Delivery and discipline paramount for upstream oil and gas industry as energy transition ramps up
The report highlights that delivery and discipline are “paramount” in all aspects of the upstream value chain as the macro environment for oil and gas gets tougher.
Performance against budgets and timelines has improved dramatically since the last downturn.
Wood Mackenzie believes the industry needs to “remain relentless” in its push to improve efficiency, drive down costs and deliver projects flawlessly, while oil and gas companies need to send a strong signal to stakeholders that they can be “reliable stewards of capital”.
“Only exceptional, low-cost projects will work in all demand scenarios,” said Wood Mackenzie research director Angus Rodger. “Inevitably, the cost of capital and the cost of doing business in oil and gas will increase.”
It’s clear that oil and gas companies must improve their environmental, social and governance (ESG) credentials as the world’s energy system evolves. But they also have to work on their bond of trust with stakeholders.

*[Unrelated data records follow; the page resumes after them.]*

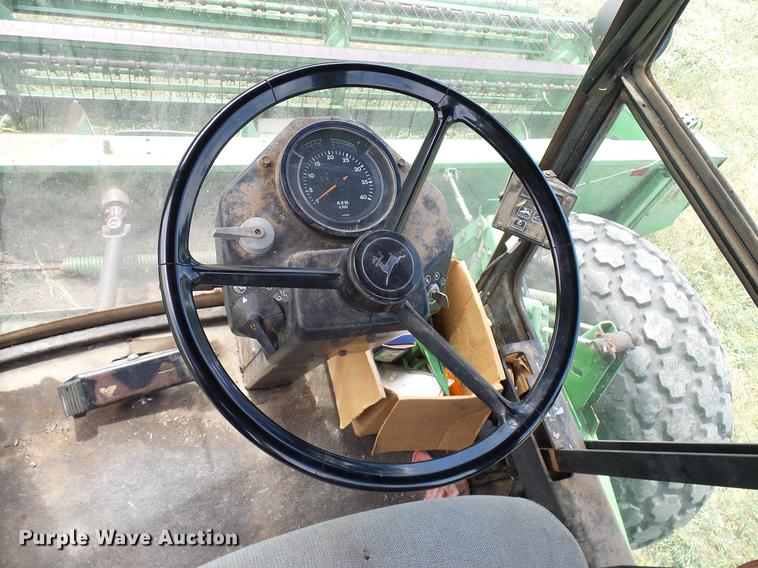 image for item DD8340 1994 John Deere 3830 windrower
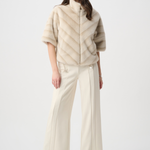 Woman wearing a beige poncho over a white outfit on a white background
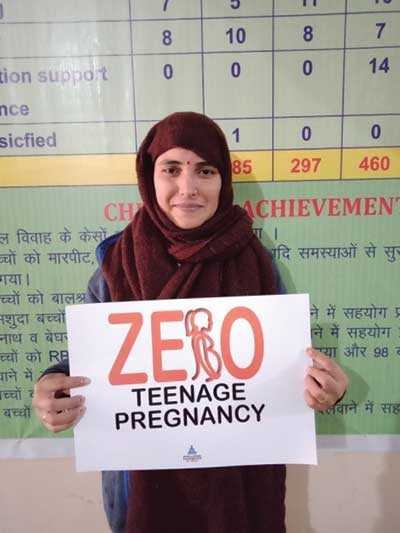 Roshni Bairwa holding up a Zero Teenage Pregnancy sign
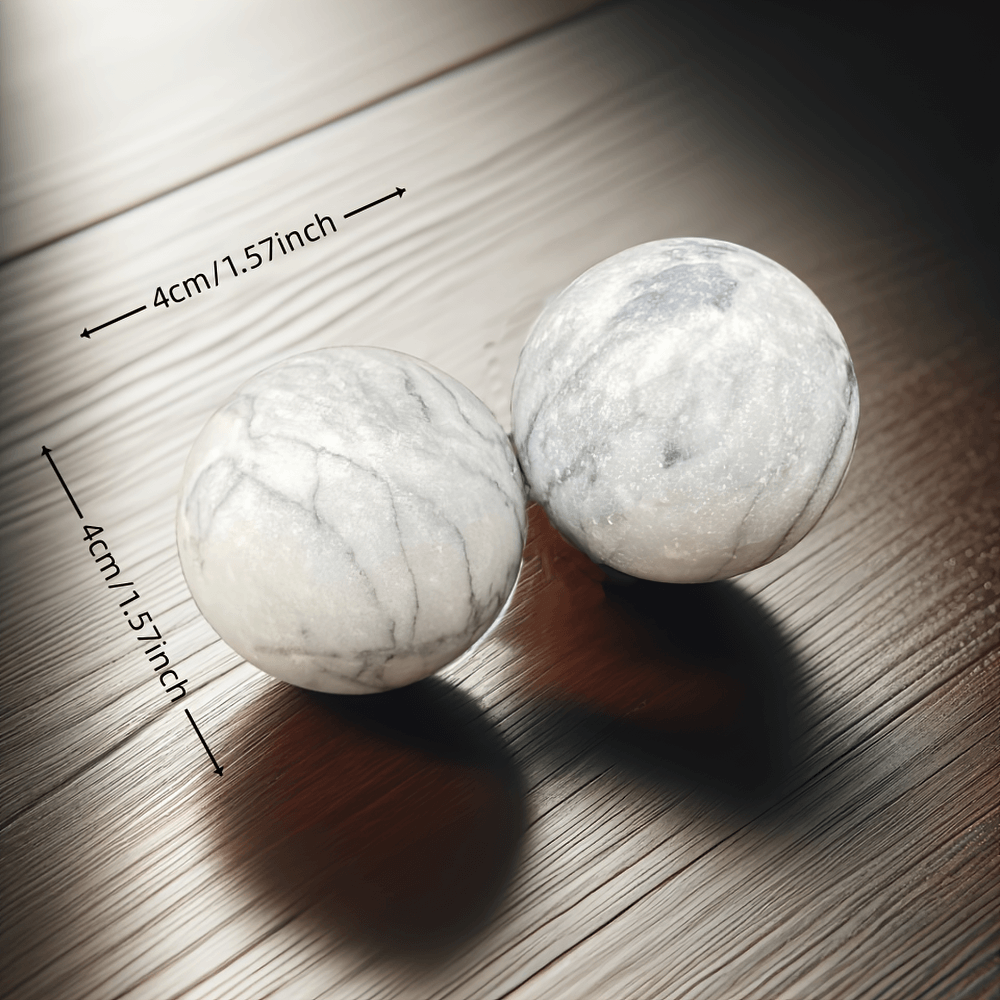 Pair of natural stone Baoding balls for relaxation and focus, measuring 4cm in diameter, on a wooden surface.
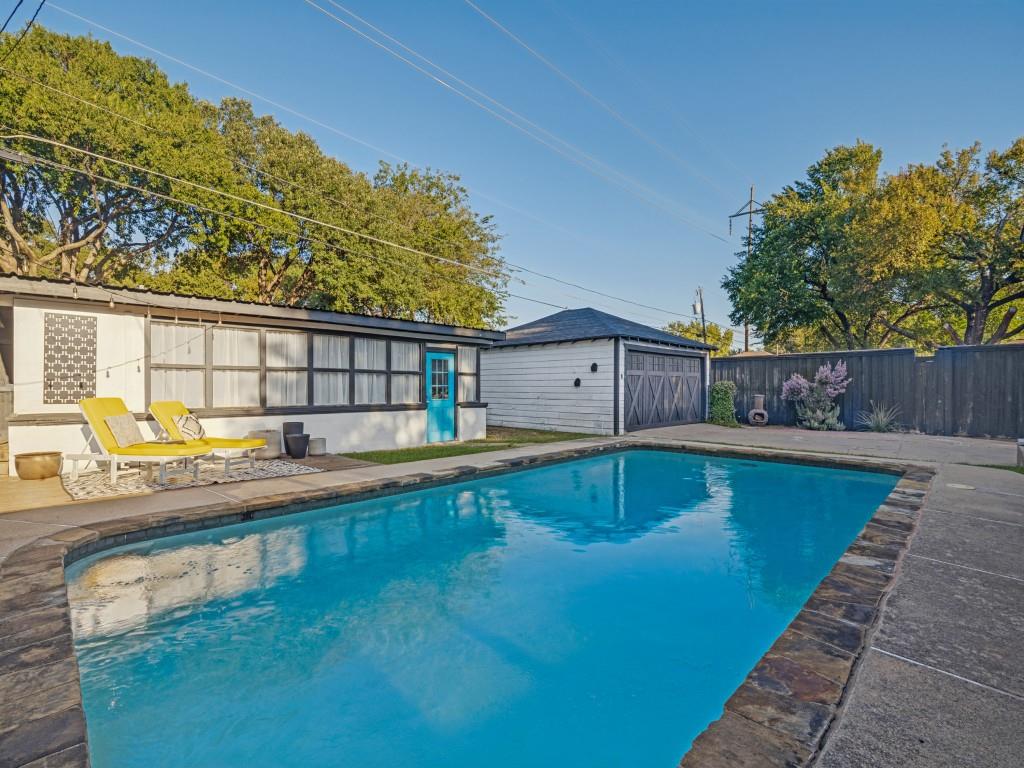 In-ground swimming pool with stone coping, concrete patio, detached garage, and wood privacy fencing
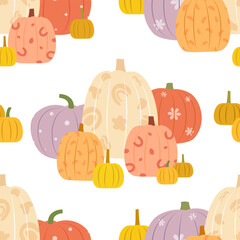 Bright pumpkins with patterns isolated on a white background. Seamless vector pattern.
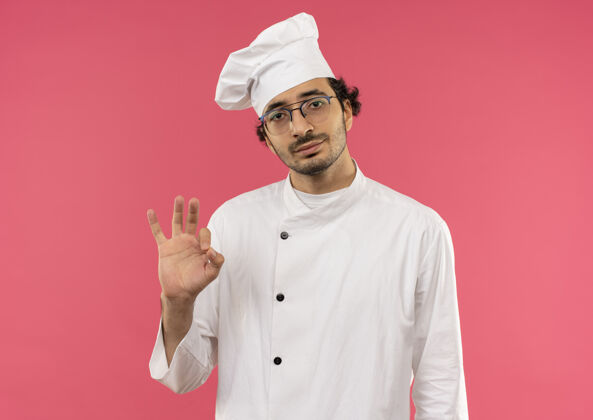 年轻年轻的男厨师穿着厨师制服 戴着一副眼镜 在粉红色的墙上显示出很好的姿势男性眼镜制服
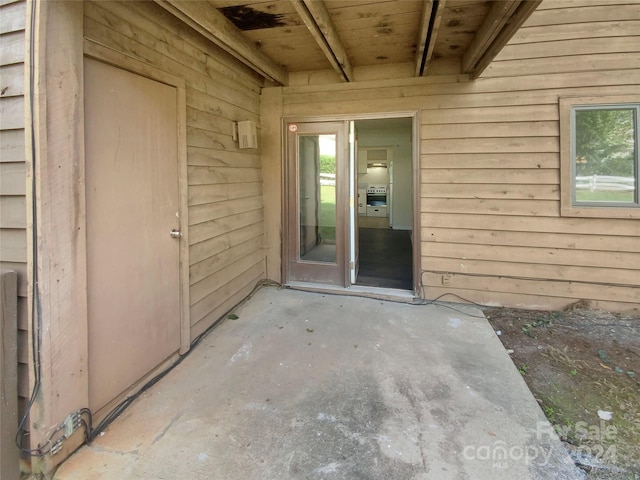 doorway to property featuring a patio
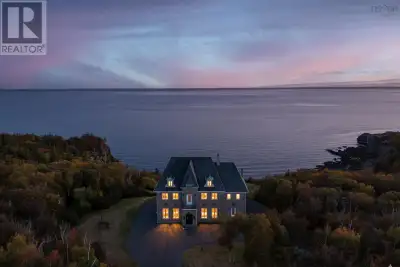 This is more than a fairytale home, it is a once-in-a-lifetime coastal retreat! Perched on a dramati...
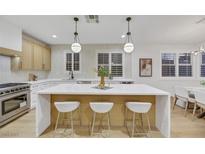 Modern kitchen with island, stainless steel appliances, and light wood cabinets at 517 Annet St, Henderson, NV 89052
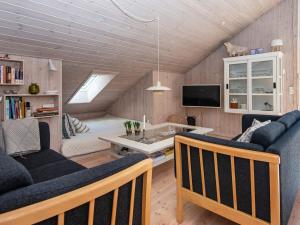 a living room with a couch and a table at 6 person holiday home in Ulfborg in Ulfborg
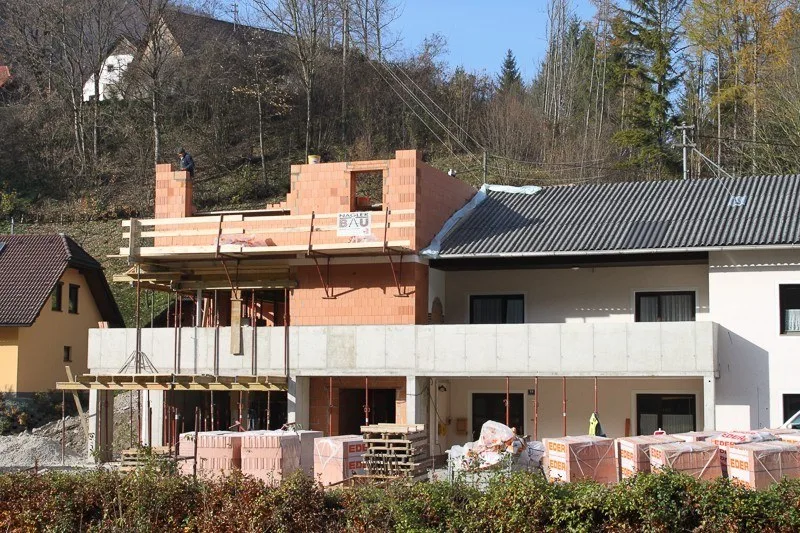 Aufstockung im Ziegelrohbau mit Bautafel von Nagler Bau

For the biggest players, the report notes that new energies will play an “increasing role”, but this is not an option for many industry participants. They will also need to cut Scope 1 and 2 emissions to reduce their exposure to increasingly expensive debt, it added.
Rodger anticipates that investment will shift to gas, ending oil’s long supremacy. “The industry will have to figure out the conundrum of weaker economics if the giant gas projects the world needs are to happen,” he added.
“The returns on developing a barrel of oil are currently higher, with oil-production and cash-flow profiles delivering more value upfront. Gas prices are lower than oil prices on an energy-equivalent basis – that relationship will have to invert as it does in our AET-2 scenario to make this happen.”
As the oil and gas sector matures, McKay believes business models must “adapt to maximise value”.
“Consolidation to bolster margins will gather momentum,” he added. “Specialists will carve out niches. Applying the right technology and retaining the right people will determine their success.
“Just a few more years of firm oil prices would strengthen balance sheets, making transition strategies easier to execute.”